I'm given the question:
A dice is rolled $15$ times. What is the probability that either a $1$ or $6$ is scored exactly eight times?
Now I know that the probability $1$ is scored exactly $8$ times is...
$Let \space P({X_n}=m)= Probability \space n \space is \space scored \space m \space times$
$P({X_1}=8)={15\choose 8} ({1\over 6})^8 ({5\over 6})^7$
And since it's a fair dice, likewise...
$P({X_6}=8)={15\choose 8} ({1\over 6})^8 ({5\over 6})^7$
Now about the "either $1$ or $6$" part, do I do that FIRST as in...

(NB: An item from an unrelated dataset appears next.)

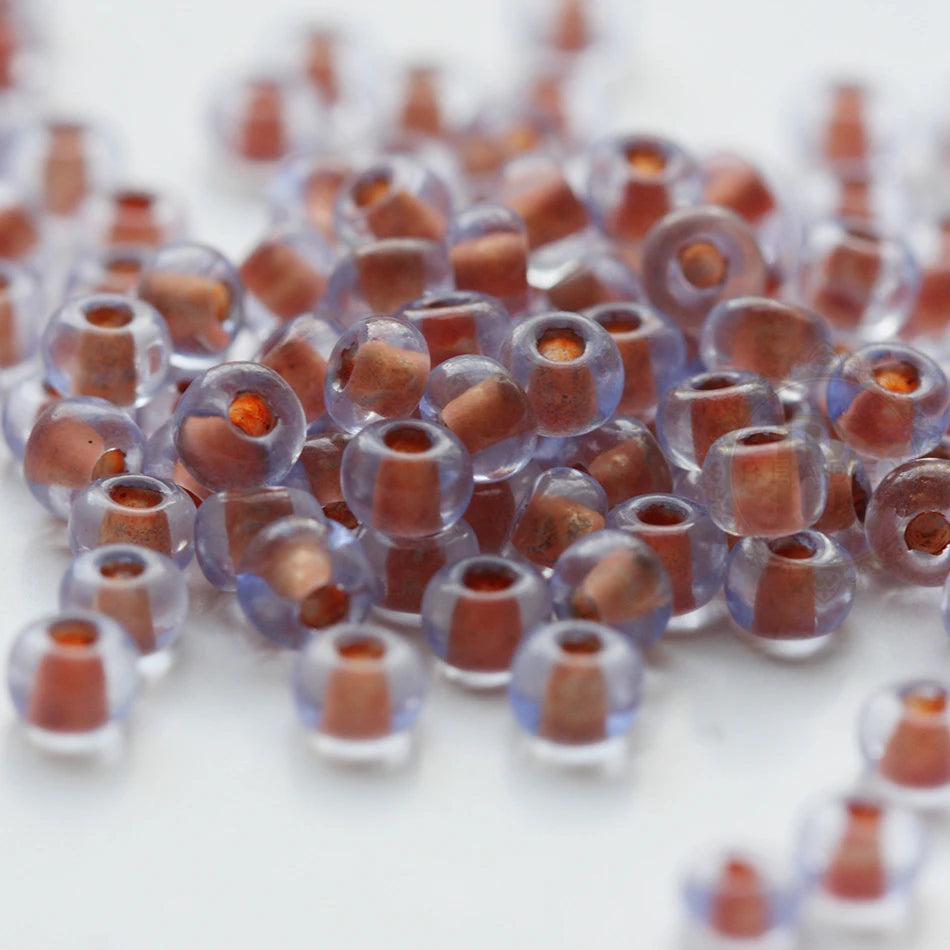 DIY Supply-10 Grams Czech Glass Preciosa 6/0 Seed Beads - Size 6 (6C3)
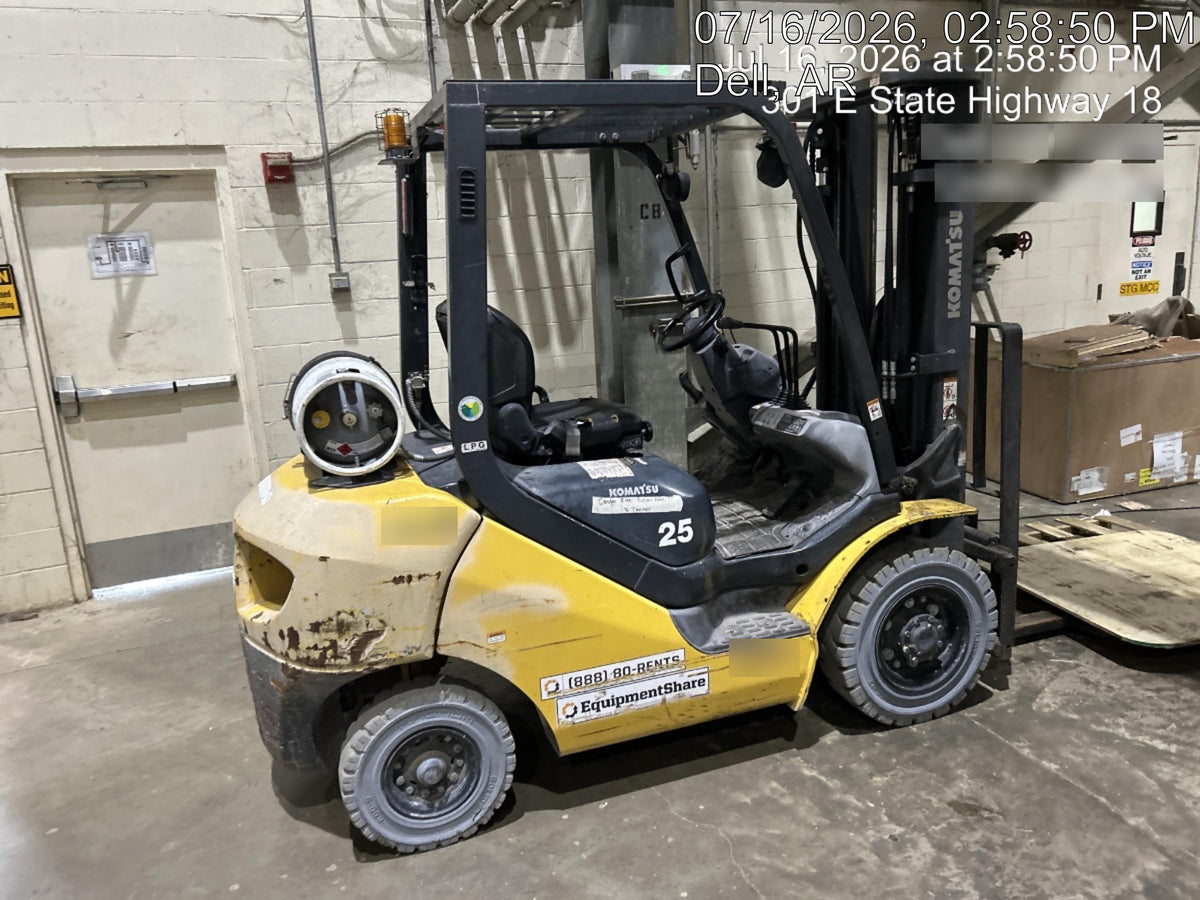 2018 KOMATSU FG25HT-16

$P({X_1} \cup {X_6}) = {2\over 6}$
Then do...
$ {15\choose 8} ({2\over 6})^8 ({4\over 6})^7 $
OR...
Is it meant to be done as the final step like so...
$P( P({X_1}=8) \cup P({X_6}=8))$
I hope my question makes sense.
By inclusion-exclusion, \begin{align*} P(X_1=8\cup X_6=8) &= P(X_1 = 8)+P(X_6 = 8)-P(X_1 = 8, X_6 = 8)\\ & = \binom{15}{8}\left(\frac{1}{6}\right)^8\left(\frac{5}{6}\right)^7+\binom{15}{8}\left(\frac{1}{6}\right)^8\left(\frac{5}{6}\right)^7+0\\ &= 2\binom{15}{8}\left(\frac{1}{6}\right)^8\left(\frac{5}{6}\right)^7 \end{align*} where $P(X_1 = 8, X_6 = 8)=0$ since you can't roll 8 ones and 8 sixes since you only roll 15 times.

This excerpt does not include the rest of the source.